• _What is expected_
Skip the pictures and retype exactly the lines from the one holding "兆基社會住宅🏠-安和一街.採買方便方正3房🐯（第4張）" through the end of the entries.

• _Data listing_
■ ■ ■ ■

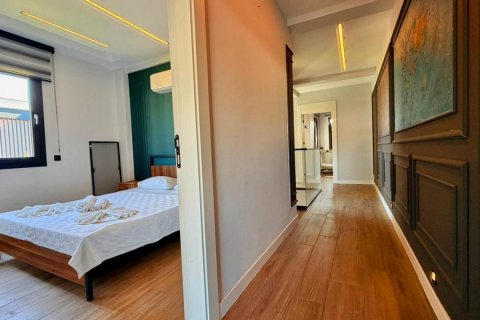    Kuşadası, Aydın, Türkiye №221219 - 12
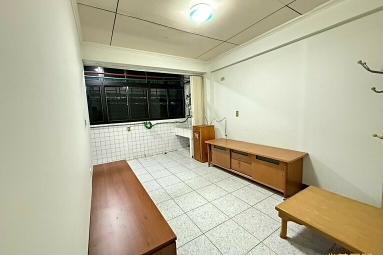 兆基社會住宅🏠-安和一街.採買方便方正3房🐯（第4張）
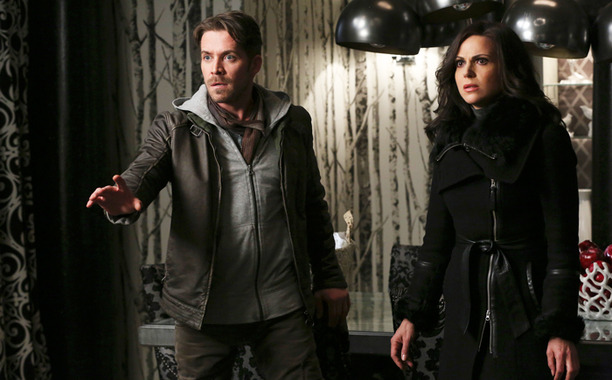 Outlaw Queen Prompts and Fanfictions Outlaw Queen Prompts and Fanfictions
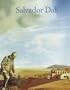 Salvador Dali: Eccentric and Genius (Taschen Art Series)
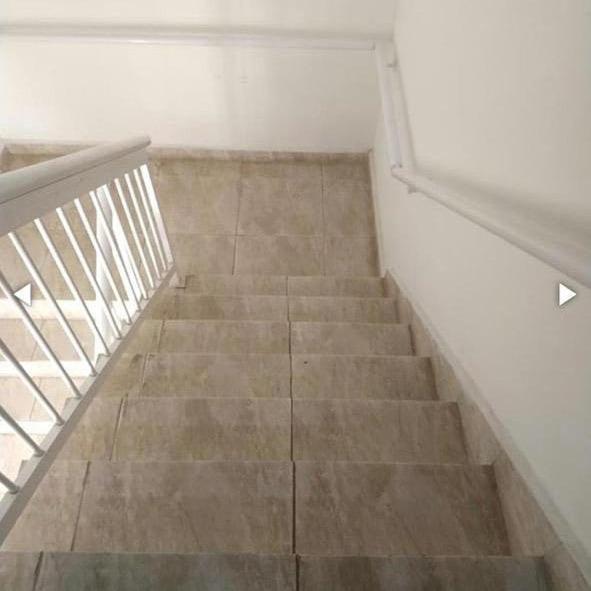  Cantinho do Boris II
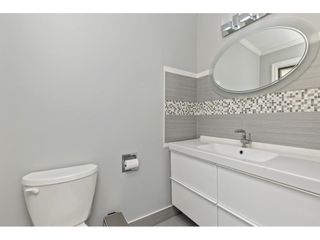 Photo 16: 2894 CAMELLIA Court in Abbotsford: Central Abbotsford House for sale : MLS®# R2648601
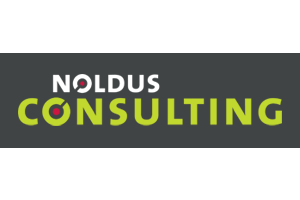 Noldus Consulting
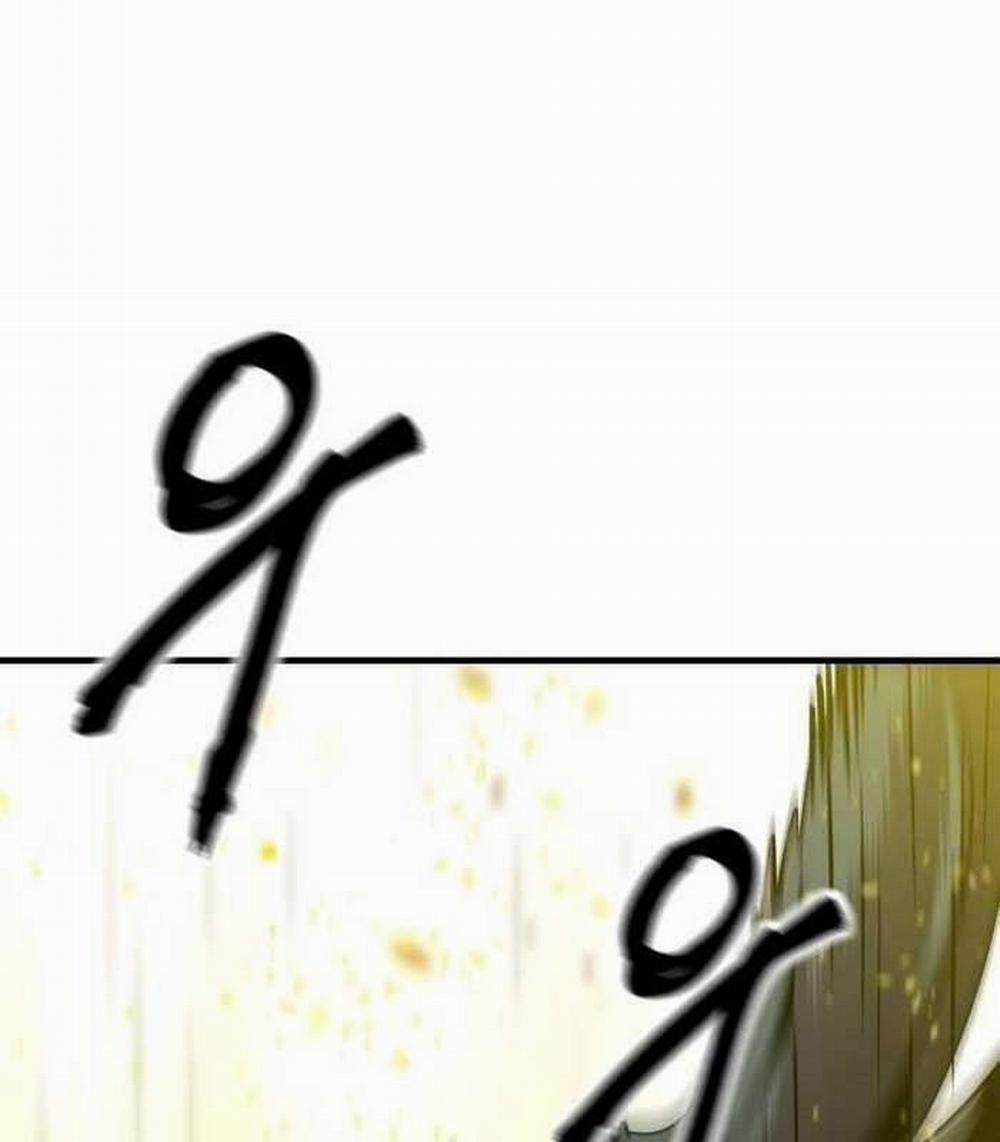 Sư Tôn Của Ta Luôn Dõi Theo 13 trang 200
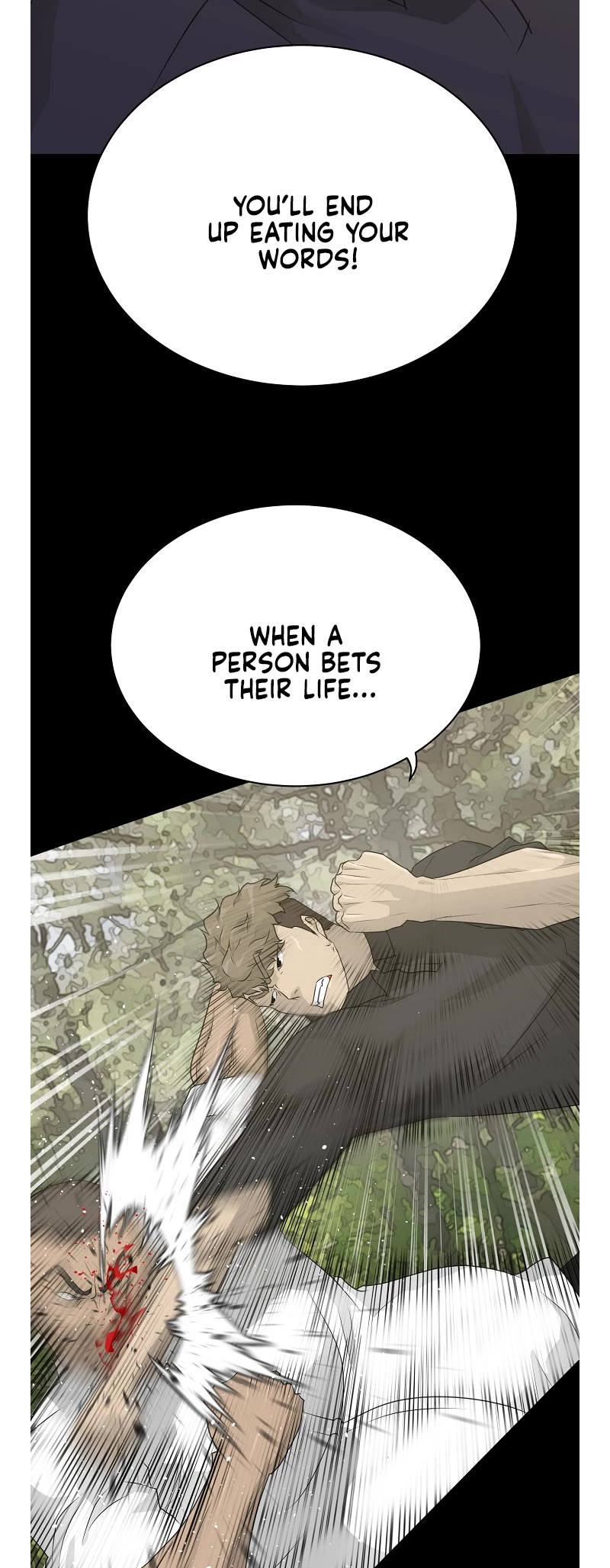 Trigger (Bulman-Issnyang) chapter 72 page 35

■ ■ ■ ■

• _Task response_
 兆基社會住宅🏠-安和一街.採買方便方正3房🐯（第4張）
 Outlaw Queen Prompts and Fanfictions Outlaw Queen Prompts and Fanfictions
 Salvador Dali: Eccentric and Genius (Taschen Art Series)
  Cantinho do Boris II
 Photo 16: 2894 CAMELLIA Court in Abbotsford: Central Abbotsford House for sale : MLS®# R2648601
 Noldus Consulting
 Sư Tôn Của Ta Luôn Dõi Theo 13 trang 200
 Trigger (Bulman-Issnyang) chapter 72 page 35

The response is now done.